STRASBOURG (Reuters) - The death of a 27-year-old Brazilian shot by police in the wake of the 2005 London bombings could have been prevented, a lawyer for the United Kingdom told Europe’s top human rights court on Wednesday, adding the incident did not however amount to murder.
The European Court of Human Rights was opening hearings into Britain’s handling of the case nearly ten years after police shot Jean Charles de Menezes seven times in the head as he boarded an underground train in south London.
They mistook him for one of four men who unsuccessfully tried to bomb London’s transport system the day before, a thwarted attack two weeks after four young British Muslims had killed 52 people and themselves in bombings on three underground trains and a bus in the most deadly peacetime attack in Britain.
The police have maintained they were under extraordinary pressure at the time, with four would-be bombers who had tried to commit mass murder on the run, and that officers who shot de Menezes had feared for their own lives and for those of other passengers on the train.
Queen’s Counsel Clare Montgomery reaffirmed the view that the killing did not amount to murder, while acknowledging serious operational failures.
“An innocent man was shot dead by the police on his way to work in London. His death was the result of a series of serious operational failures by the Metropolitan police.
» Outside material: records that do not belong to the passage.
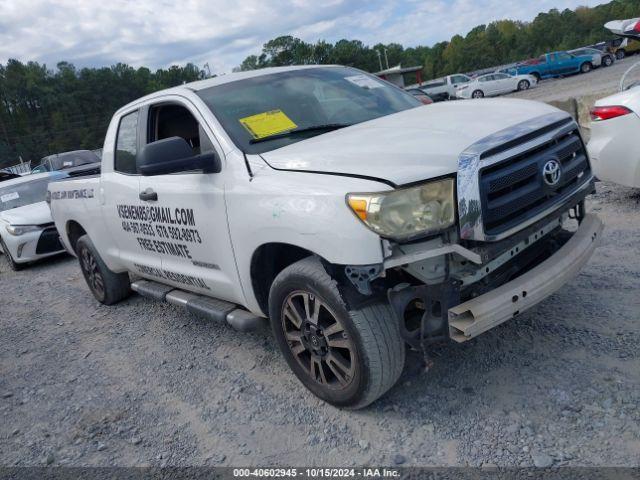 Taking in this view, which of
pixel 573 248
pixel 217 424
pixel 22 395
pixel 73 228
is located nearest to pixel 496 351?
pixel 573 248

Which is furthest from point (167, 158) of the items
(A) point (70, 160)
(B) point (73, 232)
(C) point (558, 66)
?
(C) point (558, 66)

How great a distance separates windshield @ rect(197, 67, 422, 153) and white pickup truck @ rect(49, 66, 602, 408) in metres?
0.01

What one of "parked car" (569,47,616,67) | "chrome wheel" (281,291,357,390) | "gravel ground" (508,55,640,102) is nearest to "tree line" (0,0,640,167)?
"parked car" (569,47,616,67)

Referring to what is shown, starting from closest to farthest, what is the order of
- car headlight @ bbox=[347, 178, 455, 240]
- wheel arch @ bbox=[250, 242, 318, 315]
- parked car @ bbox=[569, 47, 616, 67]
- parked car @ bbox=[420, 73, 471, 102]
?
car headlight @ bbox=[347, 178, 455, 240] → wheel arch @ bbox=[250, 242, 318, 315] → parked car @ bbox=[569, 47, 616, 67] → parked car @ bbox=[420, 73, 471, 102]

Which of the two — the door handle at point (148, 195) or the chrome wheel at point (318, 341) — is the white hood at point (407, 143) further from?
the door handle at point (148, 195)

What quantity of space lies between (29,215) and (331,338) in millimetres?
8133

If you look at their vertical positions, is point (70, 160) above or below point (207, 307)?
above

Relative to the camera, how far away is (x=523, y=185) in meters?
2.92

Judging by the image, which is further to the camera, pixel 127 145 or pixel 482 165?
pixel 127 145

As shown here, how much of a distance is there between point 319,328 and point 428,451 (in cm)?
83

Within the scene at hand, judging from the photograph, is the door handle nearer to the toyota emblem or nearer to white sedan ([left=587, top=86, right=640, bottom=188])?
the toyota emblem

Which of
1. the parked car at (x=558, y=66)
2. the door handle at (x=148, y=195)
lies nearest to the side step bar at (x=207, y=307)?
the door handle at (x=148, y=195)

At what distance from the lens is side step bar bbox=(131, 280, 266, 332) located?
3639 mm

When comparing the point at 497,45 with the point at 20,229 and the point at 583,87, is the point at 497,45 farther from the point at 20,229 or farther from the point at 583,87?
the point at 20,229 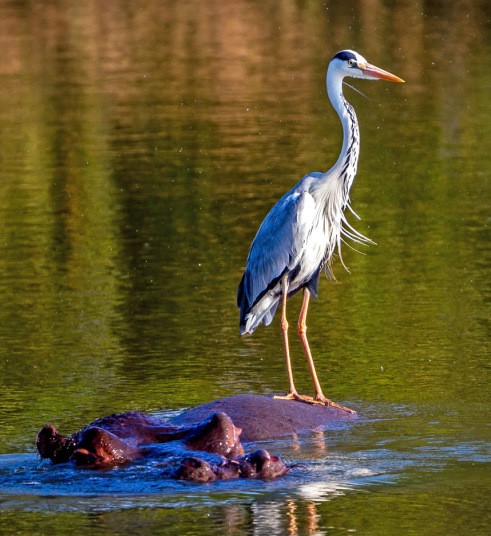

There is no doubt that his death could and should have been prevented,” Montgomery told the court.
In 2007, the Metropolitan Police as an organization was found guilty of breaching health and safety laws and fined 175,000 pounds ($270,130).
But despite repeated demands from the family that the officers involved or their superiors should be charged, prosecutors have said there was not enough evidence to take action against any individuals.
“For 10 years our family has been campaigning for justice for Jean because we believe that police officers should have been held to account for his killing,” Patricia Armani Da Silva, de Menezes’s cousin, said in a statement.
“Jean’s death is a pain that never goes away for us.”
Da Silva’s lawyer, Hugh Southey, told the European court de Menezes’s “right to life” had been violated, adding that people must be certain that police officers “that abuse their powers” are held accountable.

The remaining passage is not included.